» About this exercise
Your output should reproduce each entry exactly, with none of its pictures.

Items listed in a dataset:
──────────────────────────────

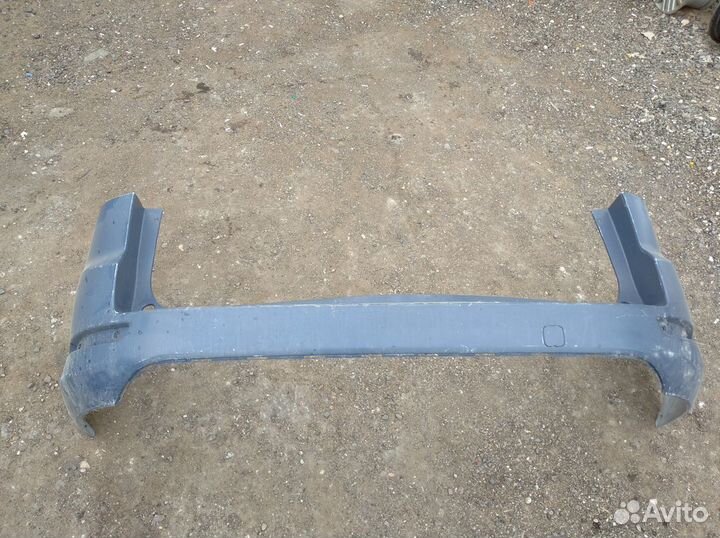 Бампер задний Ford Mondeo 4 2010-2015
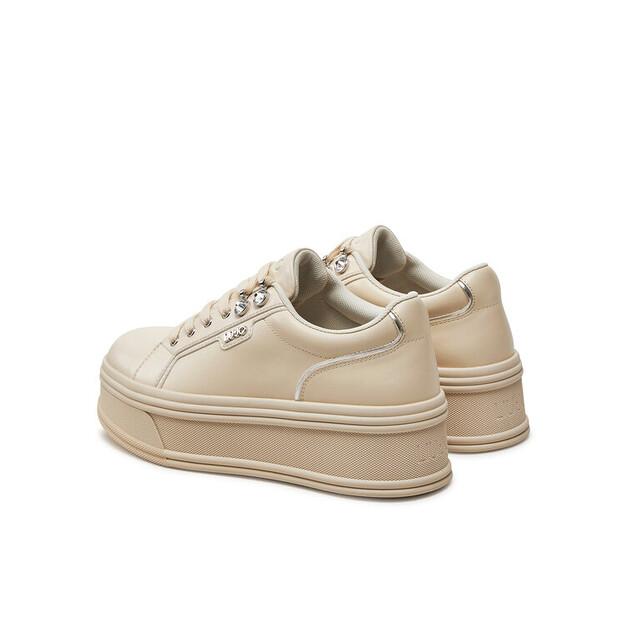 Кроссовки Liu Jo Selma 11 BF4073 P0102 бежевый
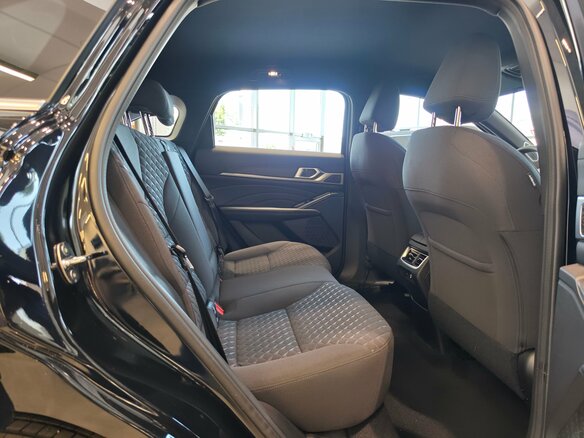 2026 Haval F7 II, чёрный, 2999000 рублей - вид 15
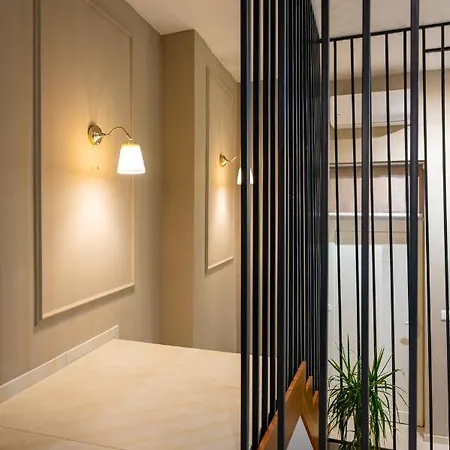 شقة Super Modern Downtown *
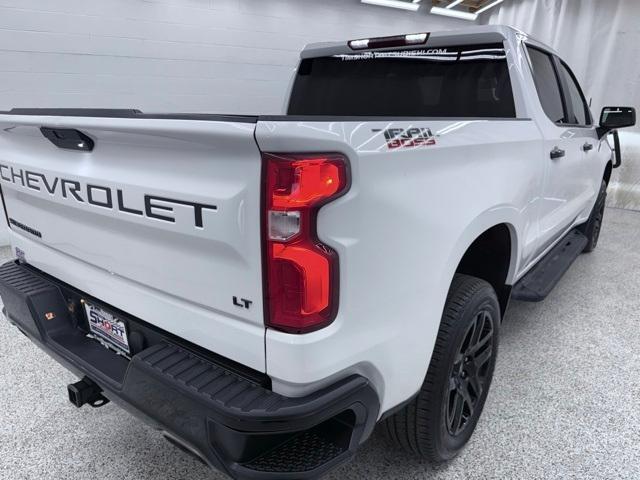 used 2021 Chevrolet Silverado 1500 car, priced at $39,900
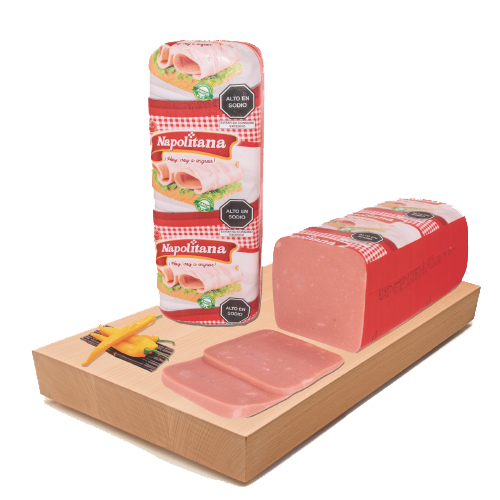 Jamon Napolitana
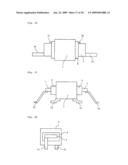 MULTILAYER STRIP LINE CAPACITIVE ELEMENT diagram and image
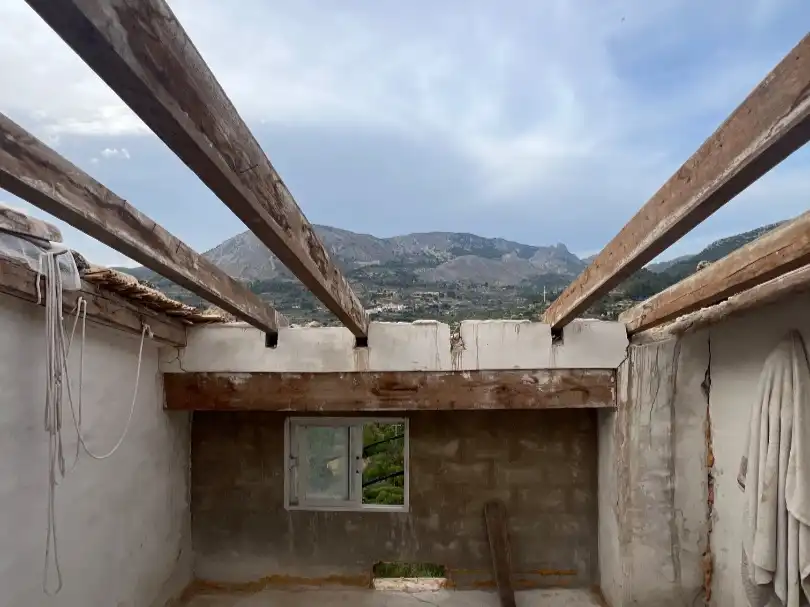 Wohnung zum Verkauf in Plaça del Palau, 22, Alcoleja Wohnung zum Verkauf in Alcoleja mit Terrasse, Abstellraum und Balkon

──────────────────────────────

» Result of this task
 Бампер задний Ford Mondeo 4 2010-2015
 Кроссовки Liu Jo Selma 11 BF4073 P0102 бежевый
 2026 Haval F7 II, чёрный, 2999000 рублей - вид 15
 شقة Super Modern Downtown *
 used 2021 Chevrolet Silverado 1500 car, priced at $39,900
 Jamon Napolitana
 MULTILAYER STRIP LINE CAPACITIVE ELEMENT diagram and image
 Wohnung zum Verkauf in Plaça del Palau, 22, Alcoleja Wohnung zum Verkauf in Alcoleja mit Terrasse, Abstellraum und Balkon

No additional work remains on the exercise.